*Saved data entries*

==============================

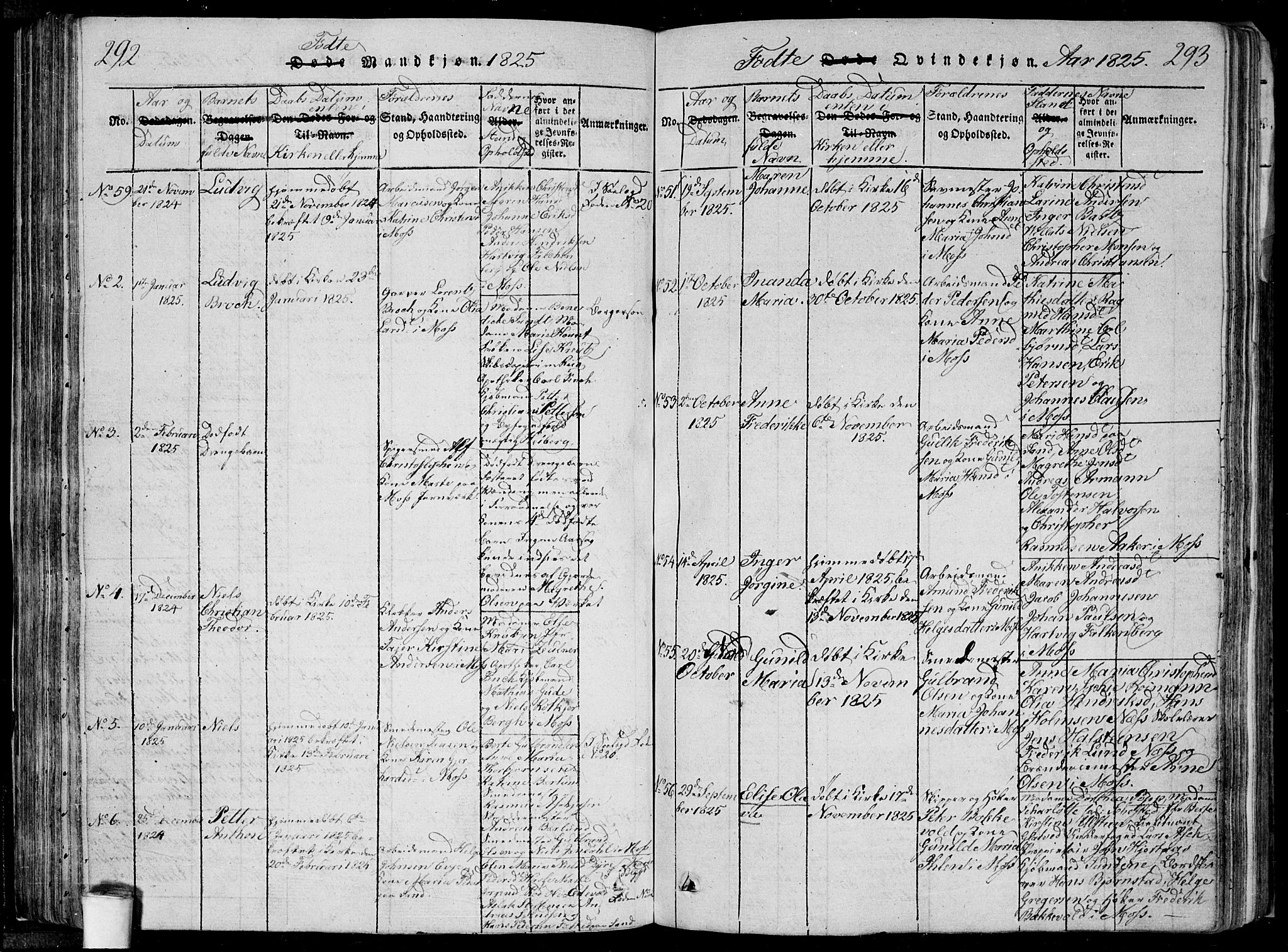 Moss prestekontor Kirkebøker, SAO/A-2003/F/Fa/L0005: Parish register (official) no. I 5, 1814-1828, p. 292-293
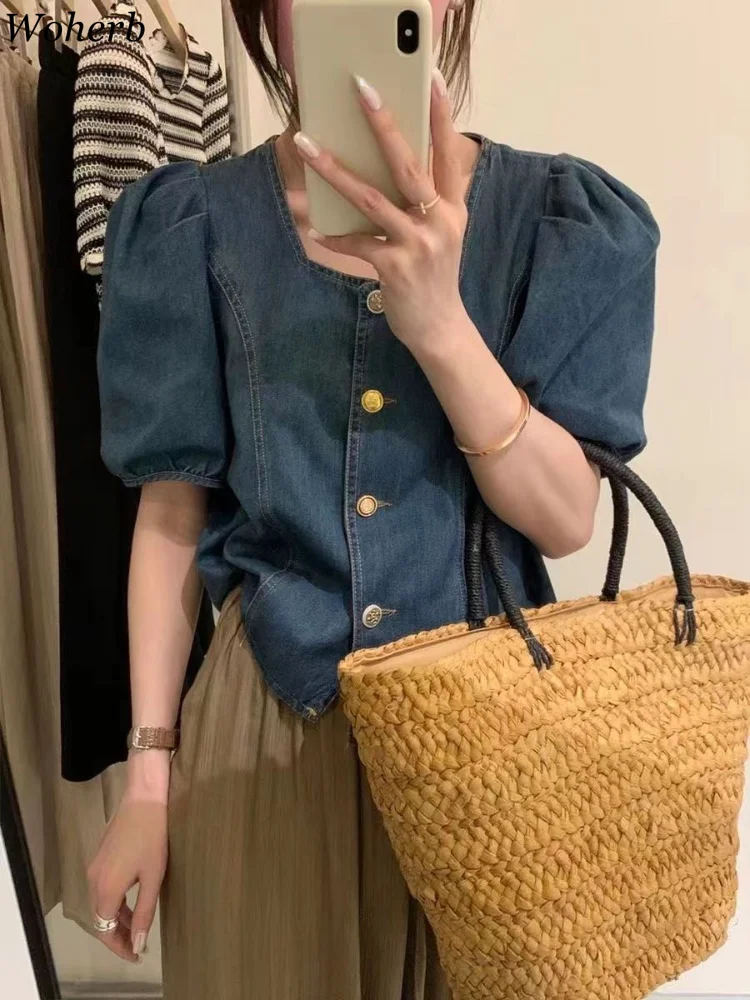 Women Short Denim Coats 2024 Ropa Mujer Fashion Jean Jacket Loose Casual Y2k Clothes Korean Sleeve Coat Temperament Tops
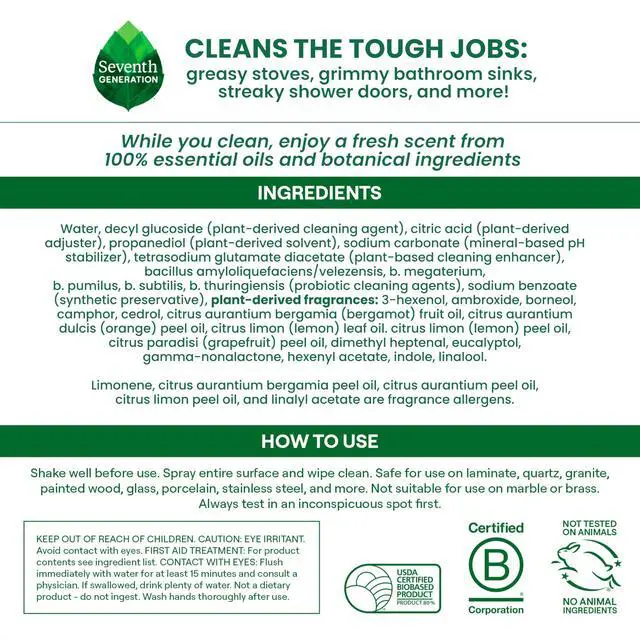 Alt view image 5 of 6 - Seventh Generation Ultra Deep Probiotic Multi Surface Cleaner, 9.4 Fl Oz, Grapefruit & Orange, 80% USDA Biobased All Purpose Cleaning Spray, Breaks Down Tough Grease & Grime, Safe for Kids & Pets
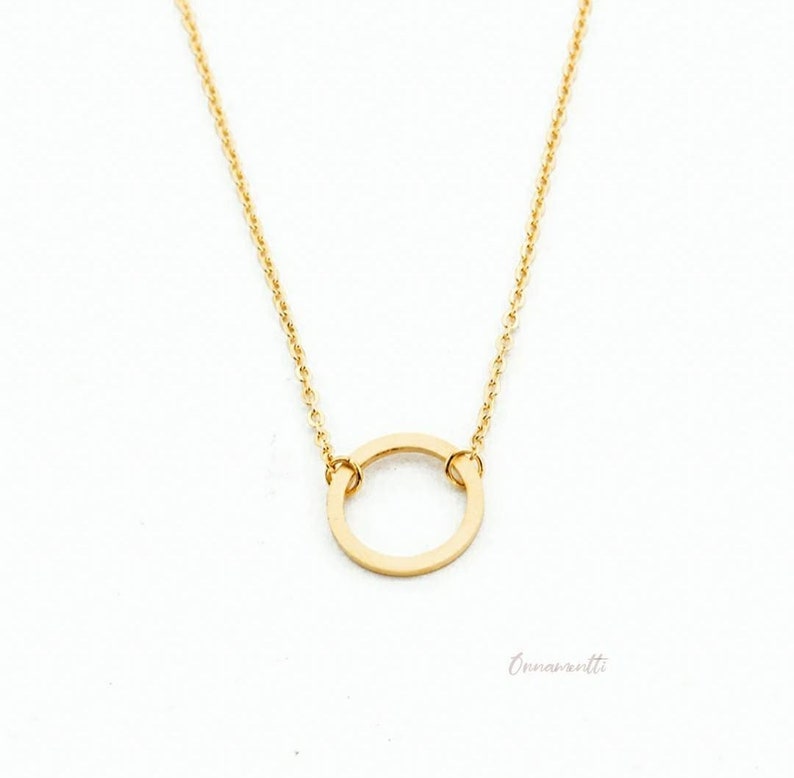 Collier délicat-filigrane-simple-cercle-acier inoxydable-argent-or-plaqué or rose-minimaliste-géométrique Gold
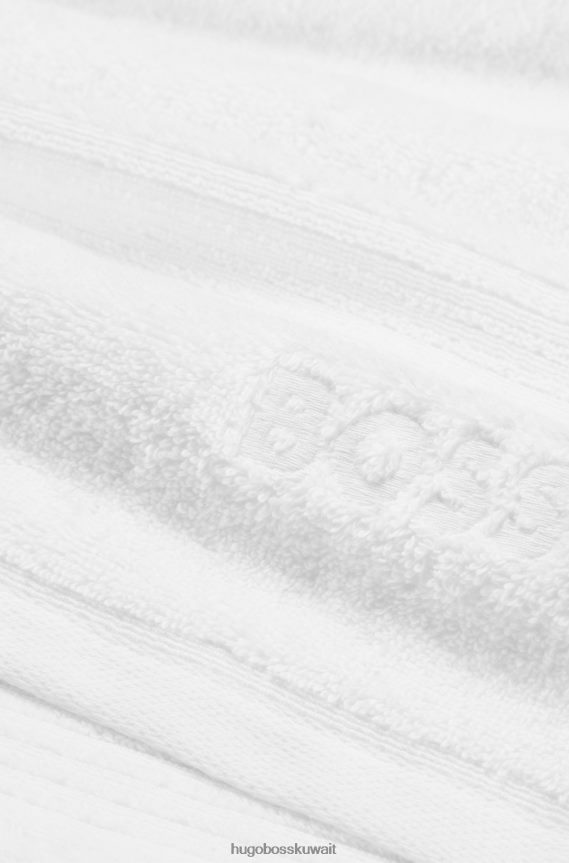 4TFNJN5597 أبيض Hugo Boss منشفة يد بيضاء مطرزة بشعار الماركة من قطن هوغو بحر إيجه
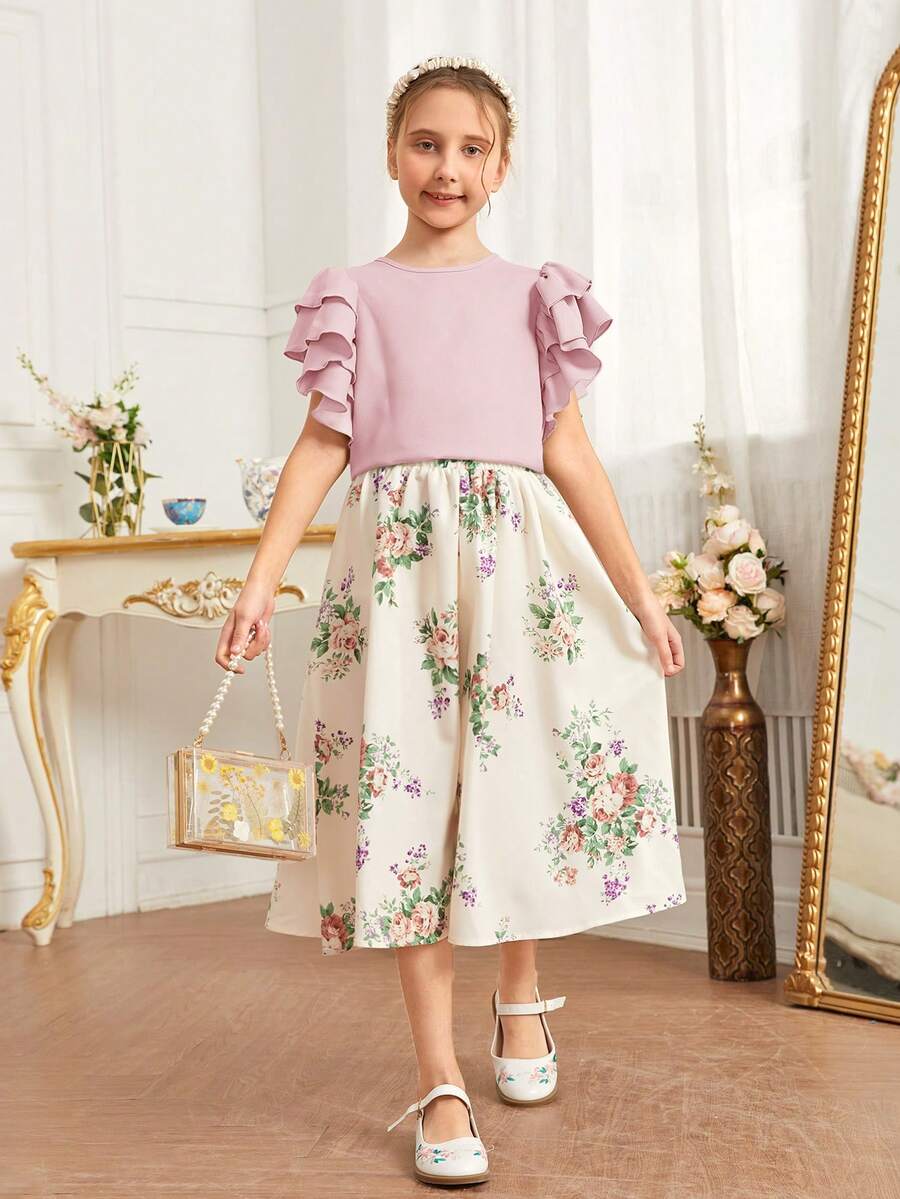 SHEIN Tween女孩荷葉邊圓領上衣&編織花印裙裝 - 淺粉色 - 查看 1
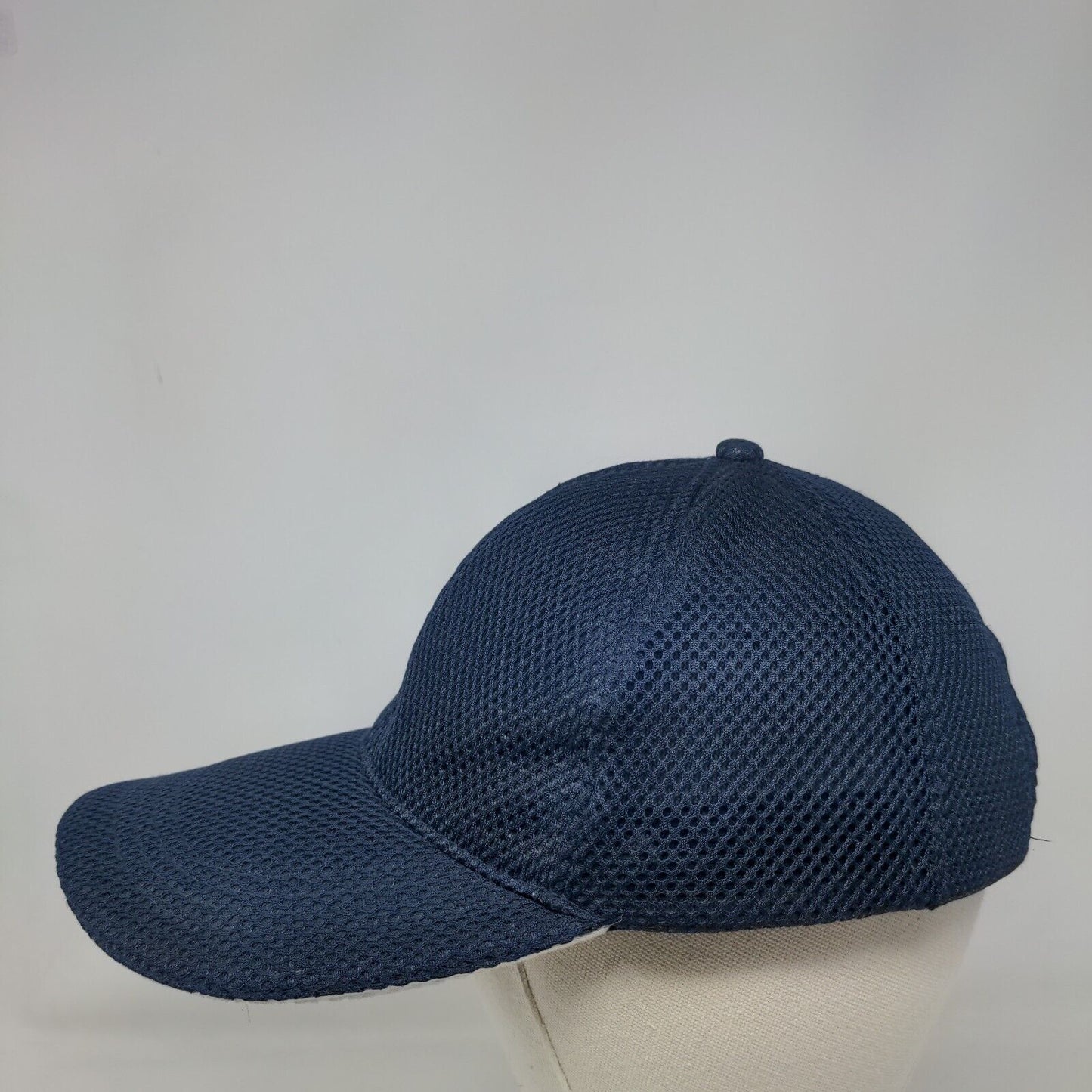 Unbranded Strapback Hat Blue 58cm Adjustable Breathable Mesh 6 Panel Polyester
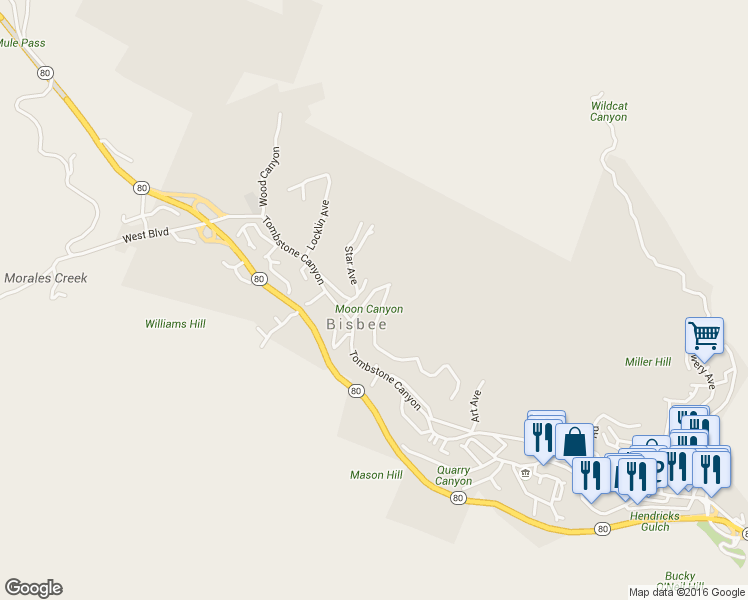 map of restaurants, bars, coffee shops, grocery stores, and more near 15 Moon Canyon in Bisbee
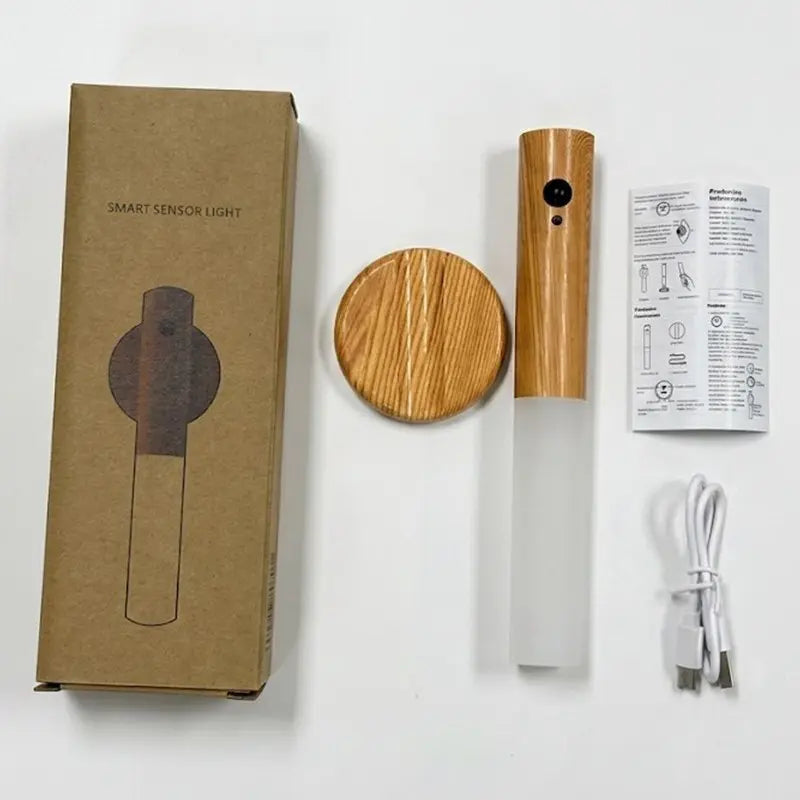 USB Rechargeable LED Night Light, Magnetic Wall Light, Motion-Sensor Night Light, Wireless Stair Light, Indoor Wooden Wall Light, Decorative Night Light, Dimmable Night Light, Ambient Lighting, Home Night Lamp, Motion Activated for Hallway Stairs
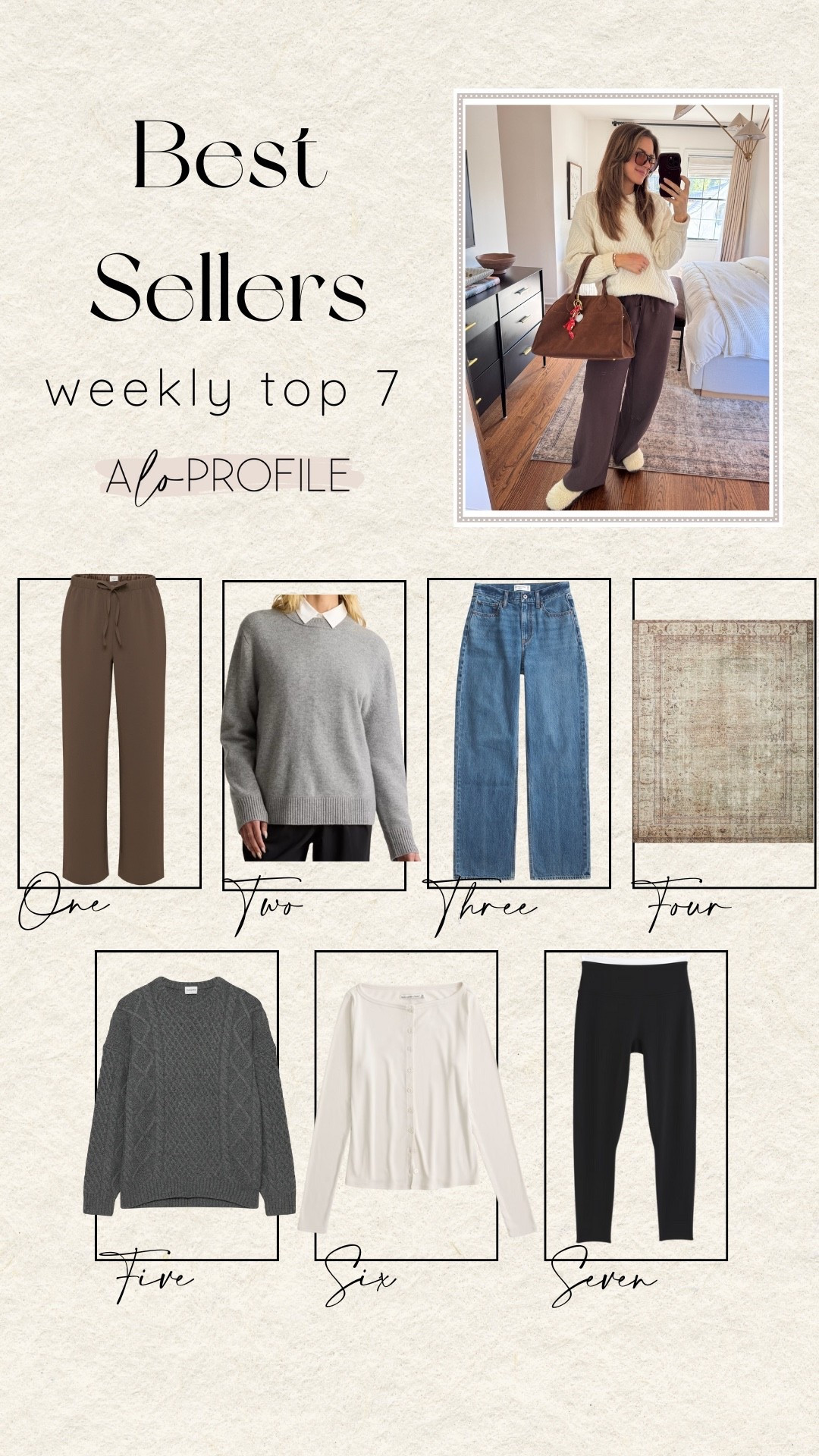 WEEKLY BESTSELLERS✨
1. Pants
2. Sweater
3. Jeans
4. Rug
5. Cableknit sweater
6. Top
7. Leggings

#LTKootd #LTKActive #LTKHome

==============================

Copy out every entry above verbatim. Leave each picture out.

*SOLUTION TO THIS EXERCISE*
 Moss prestekontor Kirkebøker, SAO/A-2003/F/Fa/L0005: Parish register (official) no. I 5, 1814-1828, p. 292-293
 Women Short Denim Coats 2024 Ropa Mujer Fashion Jean Jacket Loose Casual Y2k Clothes Korean Sleeve Coat Temperament Tops
 Alt view image 5 of 6 - Seventh Generation Ultra Deep Probiotic Multi Surface Cleaner, 9.4 Fl Oz, Grapefruit & Orange, 80% USDA Biobased All Purpose Cleaning Spray, Breaks Down Tough Grease & Grime, Safe for Kids & Pets
 Collier délicat-filigrane-simple-cercle-acier inoxydable-argent-or-plaqué or rose-minimaliste-géométrique Gold
 4TFNJN5597 أبيض Hugo Boss منشفة يد بيضاء مطرزة بشعار الماركة من قطن هوغو بحر إيجه
 SHEIN Tween女孩荷葉邊圓領上衣&編織花印裙裝 - 淺粉色 - 查看 1
 Unbranded Strapback Hat Blue 58cm Adjustable Breathable Mesh 6 Panel Polyester
 map of restaurants, bars, coffee shops, grocery stores, and more near 15 Moon Canyon in Bisbee
 USB Rechargeable LED Night Light, Magnetic Wall Light, Motion-Sensor Night Light, Wireless Stair Light, Indoor Wooden Wall Light, Decorative Night Light, Dimmable Night Light, Ambient Lighting, Home Night Lamp, Motion Activated for Hallway Stairs
 WEEKLY BESTSELLERS✨
1. Pants
2. Sweater
3. Jeans
4. Rug
5. Cableknit sweater
6. Top
7. Leggings

#LTKootd #LTKActive #LTKHome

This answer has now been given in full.